There will be five questions on the Final. They are described below.
Question 1. Google: Be sure you understand inverted (word) indexes, the basics of Page Rank and how they work together.Question 2. Recall and Precision: Be sure you understand Section 3.2.1 on Recall and Precision. In particular, practice drawing sets consisting of a number of items such as 1, 2, 3, etc. and then drawing the appropriate subset boundaries of them as in Figure 3.1.
Practice computing Recall and Precision (page 75) until you can do it correctly every time. Be able to explain what each is and how they differ in what they represent.
Question 3 and 4: The course email archives contain the URLs for the private locations of the two papers that I posted in connection with the Final Exam.
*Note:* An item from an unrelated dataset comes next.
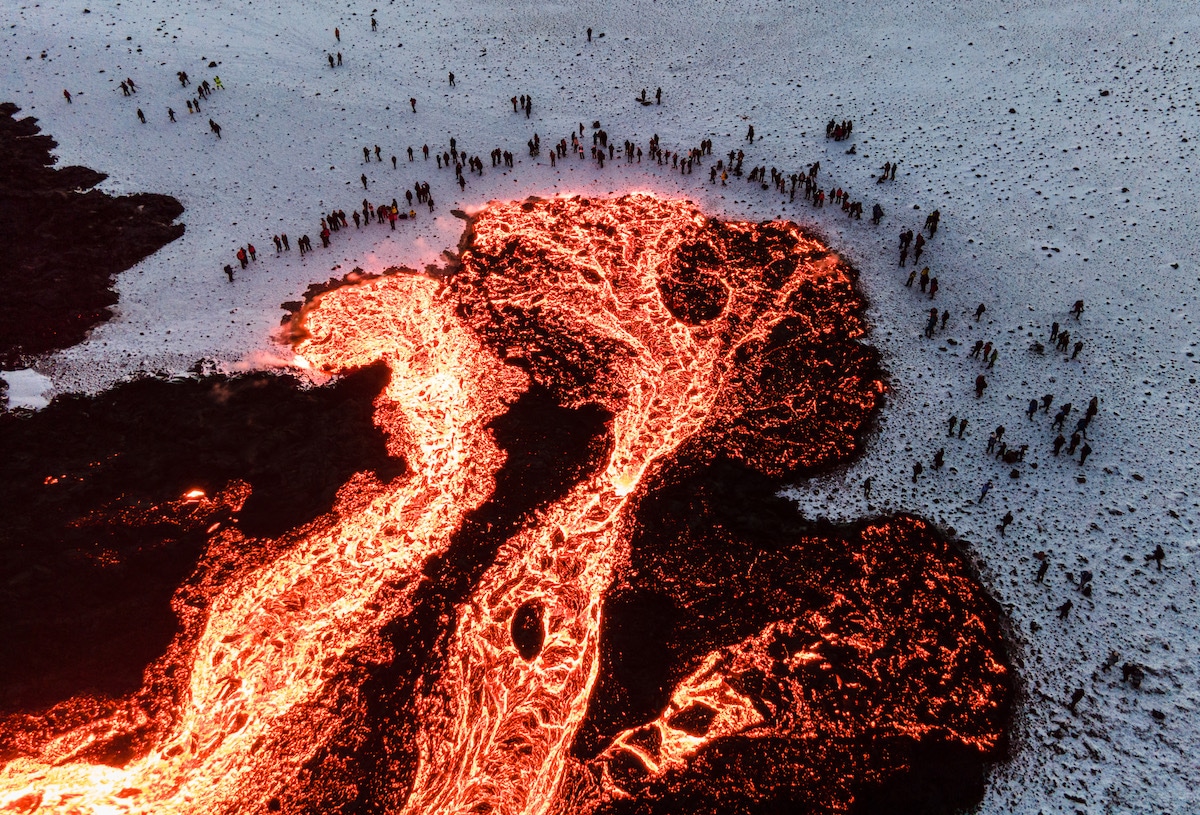 Lava saliendo del volcán Fagradalsfjall en islandia por Brian Emfinger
This is a link to the note in the archive (your password required).
Question 3. The XTRACTOR summarization system (JCDL 2002 paper): Be familiar with the five components of the XTRACTOR system in Section 3.1 of the paper. You need to know the gist of their approach, with only a modest level of detail about the components (since they don't explain them as clearly as they should have!).
Question 4. Digital Photo Library Browsing (JCDL 2002 paper): Be familiar with the timestamp clustering of photos used in the Stanford hierarchical photo browser system and the Hierarchical Browser, their Figure 5.
Question 5. Evaluation of IR systems: Be able to discuss how and why human evaluations of query results are used in designing information retrieval systems.